タイムリープするお嬢様――二度目の婚約破棄はもう遅い。あなたが破滅する始まりです

 エマは幸せな夢を見ていた。まだ自分が若い頃の話だ。
 親方に怒鳴られて、肩をすくめる横顔。
 商家の扉を開けて、おずおずと入って来た姿。
 食事会でグラスを倒し、真っ赤になって布巾を探す手。
 どれも、よく覚えている。
 忘れるはずがない。
 ダライアスは、春の日差しの中で笑っていた。
 目元をくしゃりと細める、少し困ったような笑顔。
 だが、その顔が少しだけ年を取っている。
 初めて会った頃の若い職人ではない。もっと後の、ありもしない年月を重ねたような顔だった。目元には、穏やかな皺がある。仕草は相変わらず頼りない。ただし、記憶の中の声よりも、頭に浮かんだ男の声はどこか低かった。時計の部品を手に、ダライアスがほほえんでいる。

 なぜ時計なのだろうと、エマは訝しんだ。
 ダライアスはガラス職人だったはずだ。

「……」

 ダライアスはいつも部品の仕入れに苦労していた。粗悪品を売りつけられたダライアスを、自分が助けたことだってある。

 ああ、そうだった。
 ダライアスは時計職人だった。
 どうしてこんな大事なことを勘違いしたのだろう。ガラス職人は、イズルベシアから出て来た自分が勝手に目標としていた相手で、ダライアスではない。

 ダライアスは雨の日にふらりと、来客として商家にやって来たのだ。そこでダライアスからプレゼントをもらって、交際が始まった。
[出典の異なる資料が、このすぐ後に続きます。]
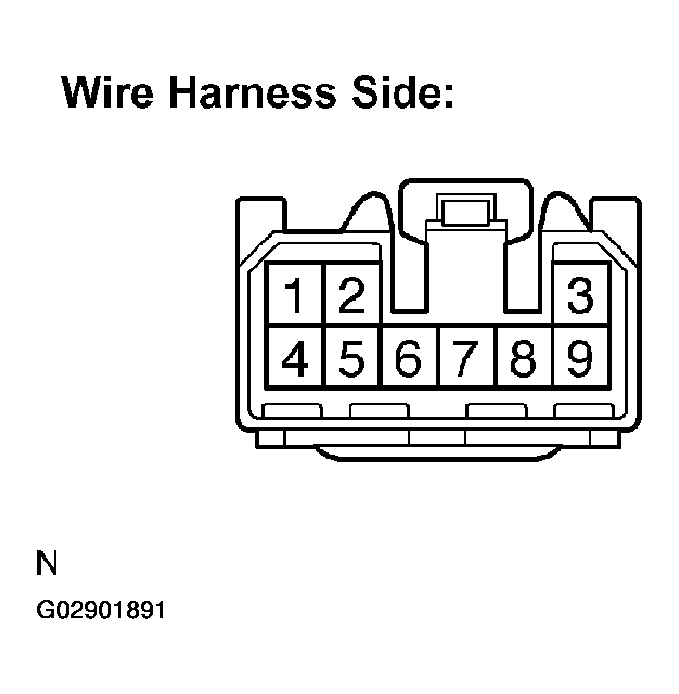 G02901891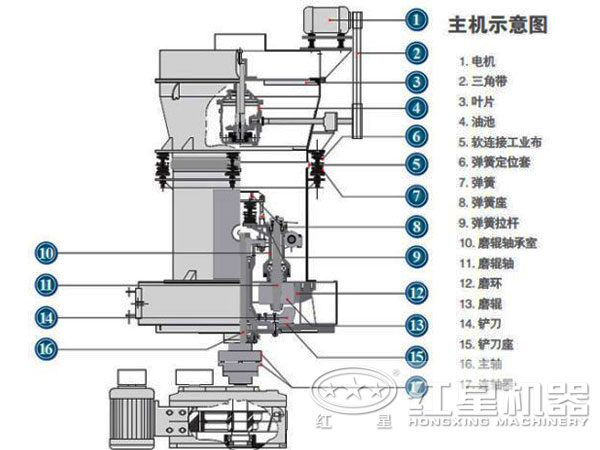 雷蒙磨粉機(jī)結(jié)構(gòu)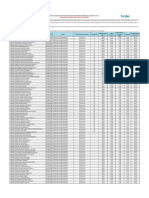 Resultado Final Retificado Ampla Concorrência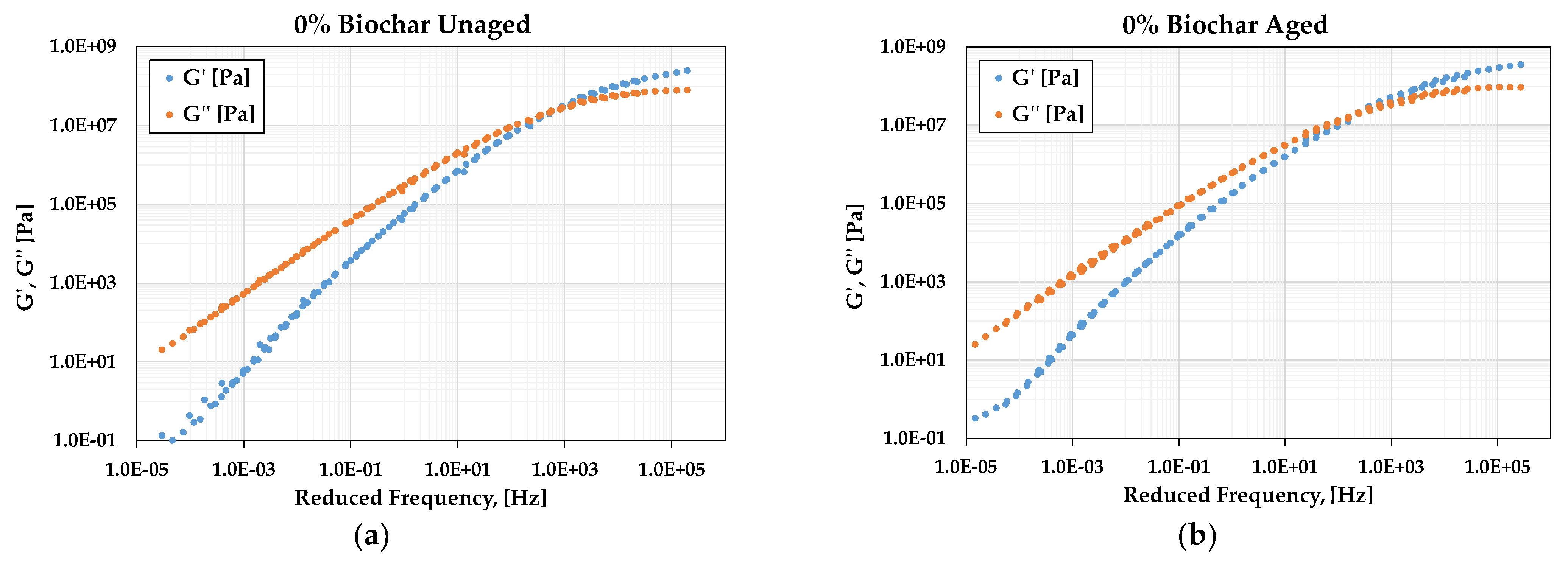 Sustainability 15 10583 g005a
 だが、自分がお付き合いをする気になったのはどうしてだっただろうか。
 うまく思い出せない。
 記憶が混濁している。
 炉にくべられた火に意識を向けると、時計の音が強くなる。
 きっと夫が嫉妬しているのだろう。

『一緒の時間を刻んでいきませんか?』

 プロポーズの言葉とともに受け取った時計は、今も大事に机にしまってある。最近見ていないだけで、引き出しを開ければすぐに見つかるはずだ。結婚の記念品なのだから、なくすはずがない。

 恥ずかしい。
 たった数年でこんなにも相手のことを忘れてしまうなんて、自分はなんて薄情な妻だったのだろうか。

 それにダライアスという響きもなんだか収まりが悪い気がする。
 ダライアスという人名ではなかったのかもしれない。
 ダミアン……。そうだ、ダミアンだ。
 自分の夫はダミアンという名前だった。

「……ふふ」

 無事に思い出せると、口元に自然と微笑が浮かんだ。